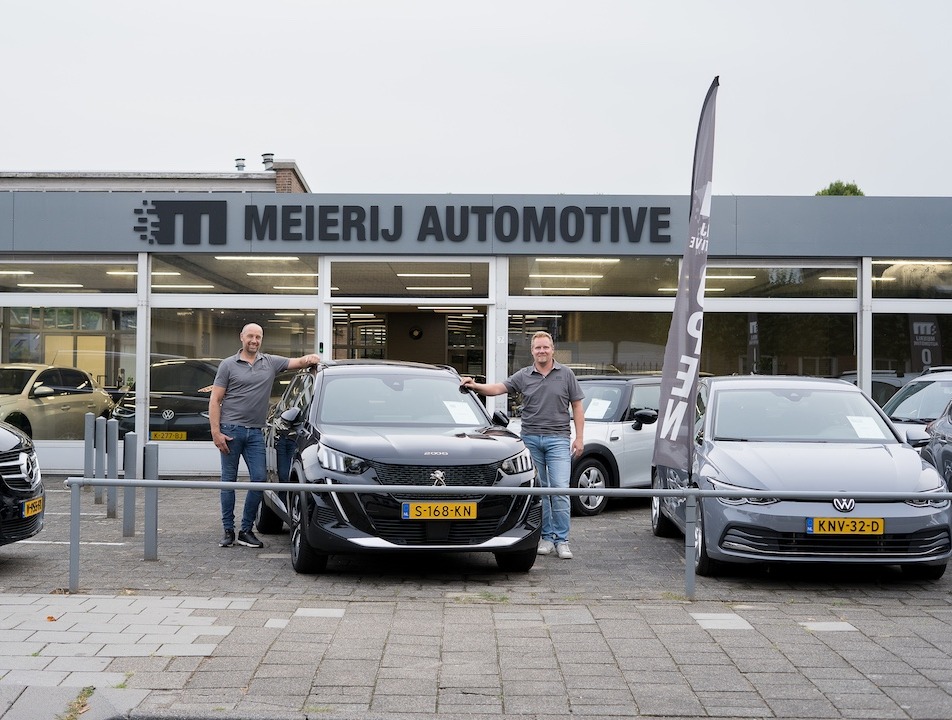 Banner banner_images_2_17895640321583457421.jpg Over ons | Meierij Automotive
________________
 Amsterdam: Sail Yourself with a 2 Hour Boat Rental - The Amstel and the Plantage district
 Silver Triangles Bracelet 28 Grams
________________
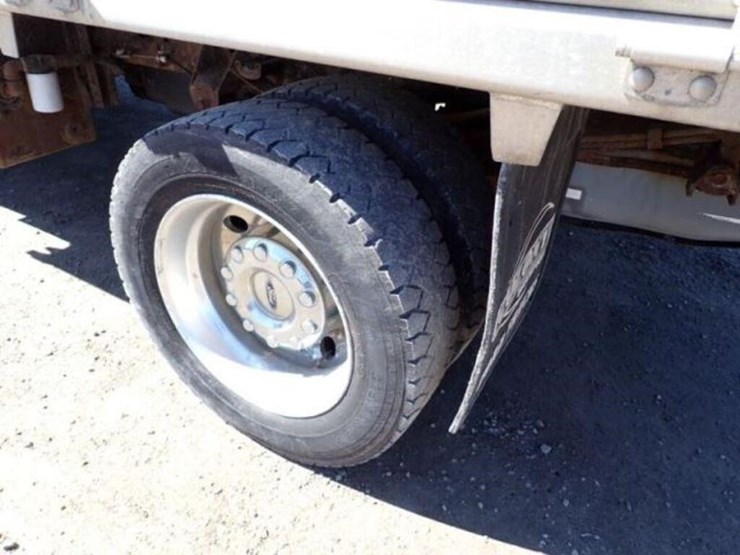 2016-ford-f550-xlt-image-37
________________
(WHAT IS EXPECTED) All lines above from the line with "Amsterdam: Sail Yourself" through the line with "Silver Triangles Bracelet 28 Grams", both included, are to be set down exactly, with nothing else.

(THE COMPLETED TASK)
 Amsterdam: Sail Yourself with a 2 Hour Boat Rental - The Amstel and the Plantage district
 Silver Triangles Bracelet 28 Grams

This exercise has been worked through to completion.